A Michel Forst, relator especial de derechos humanos de las Naciones Unidas, las comunidades que visitó en los sitios afectados por la violencia le refirieron que se sentían más seguras con las Farc que ahora por los grupos que rápidamente coparon los territorios después de la desmovilización. No hay la menor duda de que el mayor reto del Gobierno es la seguridad de esos territorios y de los líderes que allí buscan restablecer los derechos de las comunidades. El gobierno ha expresado su compromiso de afrontar esta grave crisis humanitaria, pero hasta la fecha, las políticas de prevención y protección han demostrado ser insuficientes. Lo dicen las estadísticas y también el relator especial de Naciones Unidas.
La intolerancia, la resistencia al cambio y la falta de respeto por quienes reclaman los derechos que la paz les debe devolver están en la raíz de la violencia que se extiende en los territorios victimizados por el conflicto armado. Se acabó la guerra, pero no sus causas. Bien lo analizaba el expresidente Belisario Betancur cuando tomó la valerosa decisión de buscar la paz mediante el diálogo. No basta con el silencio de los fusiles. Deben abordarse las causas objetivas y subjetivas del conflicto armado para aclimatar la paz y la reconciliación.

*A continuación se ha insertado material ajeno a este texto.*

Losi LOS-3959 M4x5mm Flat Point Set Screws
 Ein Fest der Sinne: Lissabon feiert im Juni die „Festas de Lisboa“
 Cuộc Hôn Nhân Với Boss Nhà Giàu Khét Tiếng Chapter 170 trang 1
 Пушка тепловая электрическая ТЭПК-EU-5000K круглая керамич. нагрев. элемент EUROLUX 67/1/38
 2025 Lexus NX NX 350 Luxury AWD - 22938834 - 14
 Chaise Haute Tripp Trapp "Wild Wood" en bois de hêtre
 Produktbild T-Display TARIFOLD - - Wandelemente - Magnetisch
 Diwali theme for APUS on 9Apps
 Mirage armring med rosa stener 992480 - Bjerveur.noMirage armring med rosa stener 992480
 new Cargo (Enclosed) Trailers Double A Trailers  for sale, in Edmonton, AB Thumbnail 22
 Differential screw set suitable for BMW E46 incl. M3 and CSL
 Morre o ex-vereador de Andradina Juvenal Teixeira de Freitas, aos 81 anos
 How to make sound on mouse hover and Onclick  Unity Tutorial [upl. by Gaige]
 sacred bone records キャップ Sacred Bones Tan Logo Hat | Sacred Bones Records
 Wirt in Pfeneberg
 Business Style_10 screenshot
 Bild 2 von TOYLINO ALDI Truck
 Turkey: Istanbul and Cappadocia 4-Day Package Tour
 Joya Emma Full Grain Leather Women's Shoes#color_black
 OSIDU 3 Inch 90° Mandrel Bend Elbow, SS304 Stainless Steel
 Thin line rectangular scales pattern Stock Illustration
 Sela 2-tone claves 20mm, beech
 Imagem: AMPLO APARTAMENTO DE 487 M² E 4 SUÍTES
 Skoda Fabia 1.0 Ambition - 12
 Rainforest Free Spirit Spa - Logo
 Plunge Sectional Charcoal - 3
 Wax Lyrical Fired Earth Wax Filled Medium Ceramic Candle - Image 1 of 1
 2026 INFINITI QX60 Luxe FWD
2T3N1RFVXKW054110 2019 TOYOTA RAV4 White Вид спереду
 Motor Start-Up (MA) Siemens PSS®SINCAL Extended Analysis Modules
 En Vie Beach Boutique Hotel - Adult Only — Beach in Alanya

También se hace necesario continuar desactivando viejos y nuevos actores de conflicto. El gobierno debe abrir espacios de diálogo para reasumir negociaciones con el ELN y el ELN debe entender que abandonar el secuestro no es una concesión al gobierno sino una obligación de humanidad. Tampoco debe echar el gobierno en saco roto la posibilidad de un sometimiento a la justicia de grupos ilegales como el Clan del Golfo que en el pasado ha mostrado intenciones de someterse a la justicia de manera concertada.
Finalmente, la política de protección y prevención estatal de los líderes debe complementarse con una decisión consciente – manifestada pública y reiteradamente- de parte de los más altos representantes del Estado y de la sociedad toda, en dirección a la legitimación de la labor de los defensores de derechos humanos, reclamantes de tierras, líderes indígenas, afrodescendientes y demás dirigentes de la comunidad en la defensa de sus derechos y territorios. De eso se trata el afianzamiento de una democracia pluralista que finalmente es la única vía para erradicar la violencia como instrumento para hacer política.